Copy word for word each line from the one that has "CYCPLUS携帯用空気入れ タイヤ空気ポンプ 小型電動ポンプ" to the last line of the records, with no other lines.
[Opening INPUT RECORDS section]
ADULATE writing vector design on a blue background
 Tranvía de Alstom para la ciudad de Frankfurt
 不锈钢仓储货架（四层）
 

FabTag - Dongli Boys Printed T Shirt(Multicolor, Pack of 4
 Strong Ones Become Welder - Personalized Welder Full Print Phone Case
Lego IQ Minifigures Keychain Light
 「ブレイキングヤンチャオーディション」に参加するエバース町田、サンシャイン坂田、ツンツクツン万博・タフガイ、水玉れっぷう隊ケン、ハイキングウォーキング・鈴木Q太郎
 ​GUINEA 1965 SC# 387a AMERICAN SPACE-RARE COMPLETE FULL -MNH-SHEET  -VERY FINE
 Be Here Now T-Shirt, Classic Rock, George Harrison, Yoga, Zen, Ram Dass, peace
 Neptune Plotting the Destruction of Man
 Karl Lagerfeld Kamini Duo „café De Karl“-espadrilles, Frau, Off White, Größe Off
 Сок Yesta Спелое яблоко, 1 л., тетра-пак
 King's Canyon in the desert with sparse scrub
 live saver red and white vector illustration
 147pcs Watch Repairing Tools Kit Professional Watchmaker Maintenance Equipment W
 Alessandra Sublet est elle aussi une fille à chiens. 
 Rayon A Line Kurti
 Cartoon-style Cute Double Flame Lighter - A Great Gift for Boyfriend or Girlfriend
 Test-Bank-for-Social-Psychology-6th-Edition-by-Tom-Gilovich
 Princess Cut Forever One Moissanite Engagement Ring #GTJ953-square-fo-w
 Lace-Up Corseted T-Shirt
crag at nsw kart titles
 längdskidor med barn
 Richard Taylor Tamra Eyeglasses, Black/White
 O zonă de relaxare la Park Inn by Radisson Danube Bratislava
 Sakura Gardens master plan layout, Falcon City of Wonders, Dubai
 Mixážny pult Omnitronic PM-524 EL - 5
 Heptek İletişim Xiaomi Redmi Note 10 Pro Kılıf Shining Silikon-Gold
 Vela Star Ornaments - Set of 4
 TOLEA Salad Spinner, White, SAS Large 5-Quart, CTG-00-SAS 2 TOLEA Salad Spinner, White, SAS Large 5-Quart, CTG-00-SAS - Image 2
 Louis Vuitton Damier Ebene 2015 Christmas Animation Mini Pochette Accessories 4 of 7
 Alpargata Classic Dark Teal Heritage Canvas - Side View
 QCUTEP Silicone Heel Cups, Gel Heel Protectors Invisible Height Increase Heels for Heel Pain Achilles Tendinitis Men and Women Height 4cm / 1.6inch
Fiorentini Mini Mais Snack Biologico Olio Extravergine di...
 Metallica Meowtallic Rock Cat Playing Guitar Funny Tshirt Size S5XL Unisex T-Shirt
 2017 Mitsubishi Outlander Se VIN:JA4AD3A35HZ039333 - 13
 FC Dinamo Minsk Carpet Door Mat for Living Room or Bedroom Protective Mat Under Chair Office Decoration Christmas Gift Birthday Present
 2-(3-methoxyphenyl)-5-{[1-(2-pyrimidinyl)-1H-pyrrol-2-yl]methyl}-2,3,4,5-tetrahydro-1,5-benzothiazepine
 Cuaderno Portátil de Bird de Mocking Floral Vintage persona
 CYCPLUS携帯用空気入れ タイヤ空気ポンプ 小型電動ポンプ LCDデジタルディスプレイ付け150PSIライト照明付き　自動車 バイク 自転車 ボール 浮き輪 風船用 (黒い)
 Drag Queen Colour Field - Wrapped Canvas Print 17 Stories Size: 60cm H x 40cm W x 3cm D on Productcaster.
[Closing INPUT RECORDS section]
SOLVED EXERCISE »
 CYCPLUS携帯用空気入れ タイヤ空気ポンプ 小型電動ポンプ LCDデジタルディスプレイ付け150PSIライト照明付き　自動車 バイク 自転車 ボール 浮き輪 風船用 (黒い)
 Drag Queen Colour Field - Wrapped Canvas Print 17 Stories Size: 60cm H x 40cm W x 3cm D on Productcaster.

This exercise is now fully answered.